A common type of stainless steel is austenitic stainless steel with a face-centered cubic (FCC) crystal structure. It has been reported that initiation of pitting corrosion and the corrosion susceptibility of the grains are dependent on the crystallographic orientation. It has been shown that the planar orientations, {111} and {100} have the highest resistance to pitting corrosion and generally a lower pitting resistance is expected for the crystallographic planes with lower atomic density of AISI 316LVM stainless steel in 0.1 M NaCl solution with an electric bias24. The dissolution rate and pitting corrosion susceptibilities of different crystallographic planes are also dependent on potentials. For type 310 S stainless steel electropolished in sulfuric acid and sodium chloride solution, {100} planes have higher dissolution rate at noble potentials, whereas {111} planes show higher dissolution rate at less noble potentials25. More recently, an in situ AFM study of 316 stainless steels showed that grain-specific corrosion rates decrease as the surface plane progressively deviates from the [111] direction determined by the height changes of individual grains etched in a 0.5 M sulfuric acid and 0.1 M lithium chloride solution up to 80 hours26. The dissolution rate of different crystallographic planes could be attributed to the anisotropic surface energies, affinities for charged adsorbates, and even electric potentials, which has not been clearly understood yet.

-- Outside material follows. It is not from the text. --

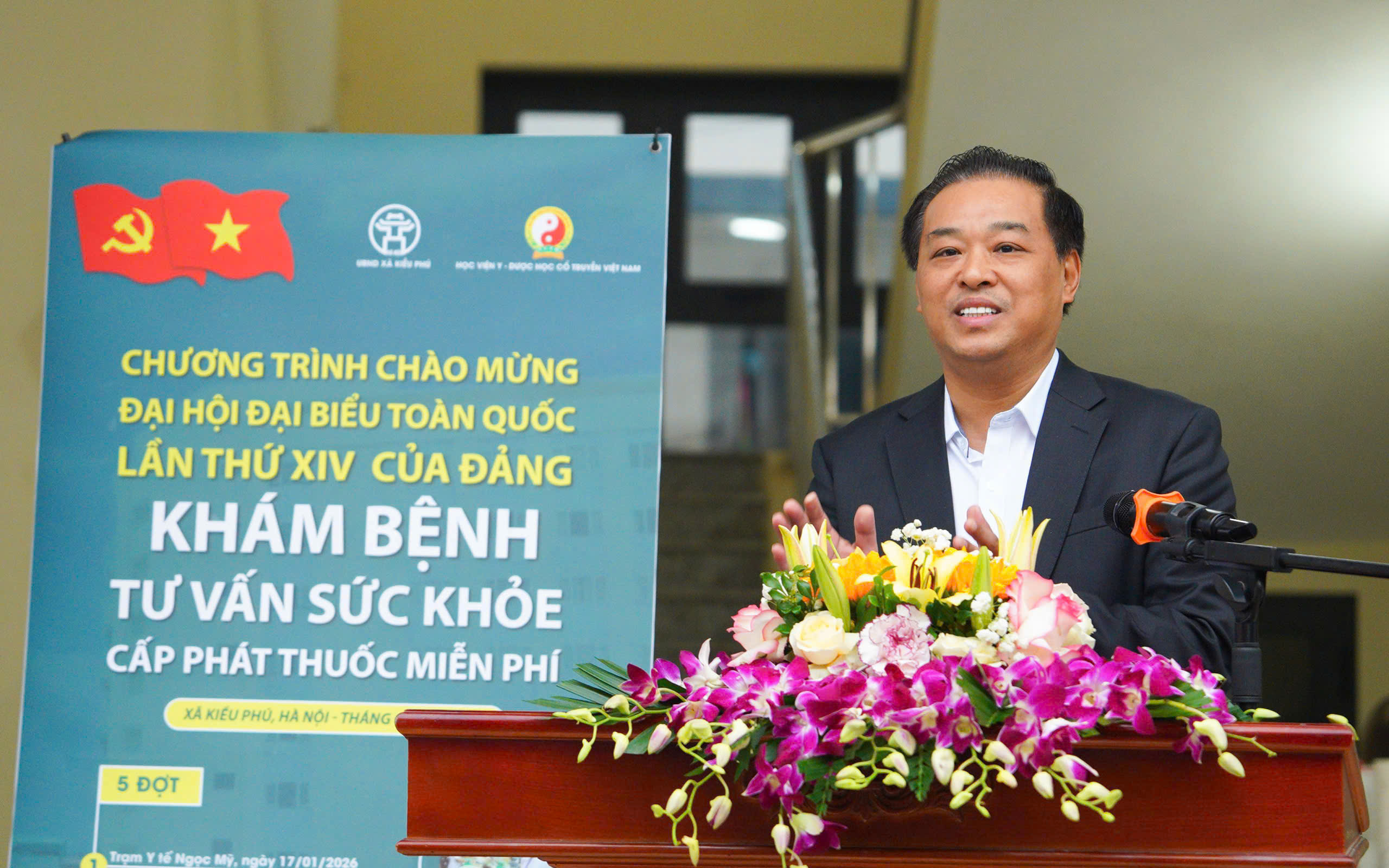 Học viện Y - Dược học cổ truyền Việt Nam kh&aacute;m chữa bệnh miễn ph&iacute; 2.500 người d&acirc;n - Ảnh 3.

In commercial stainless steels, the presence of multiple alloying elements, impurities, and metallurgical defects often influence the corrosion kinetics. Using a high-purity model Fe–Cr–Ni alloy, a fundamental understanding of the corrosion mechanism can be obtained because it allows elimination of complexity in chemistry and defects. Therefore, in this work, we use in situ liquid EC-AFM in combination with ex situ aberration, CS corrected scanning transmission, and transmission electron microscopy (STEM/TEM) analysis before and after corrosion to obtain unprecedented insights into the kinetics of chloride corrosion and subsurface chemical diffusion into the austenite phase in a model Fe alloy sample with 18Cr–14Ni (wt%), which is represented as Fe–18Cr–14Ni.

Results

Microstructure of Fe–18Cr–14Ni alloy

The Fe–18Cr–14Ni alloy contains an equiaxed, random textured grain structure as shown in Fig. 1. The scanning electron microscopy (SEM) backscattered electron image of the microstructure is given in Fig. 1a. The electron backscatter diffraction (EBSD) inverse pole figure (IPF) image in Fig. 1b indicates that the alloy consists of equiaxed grains with extensive annealing twins. The X-ray diffraction (XRD) pattern in Fig. 1c confirmed a fully stabilized FCC structure, indicating the that the single austenite phase is present in the alloy.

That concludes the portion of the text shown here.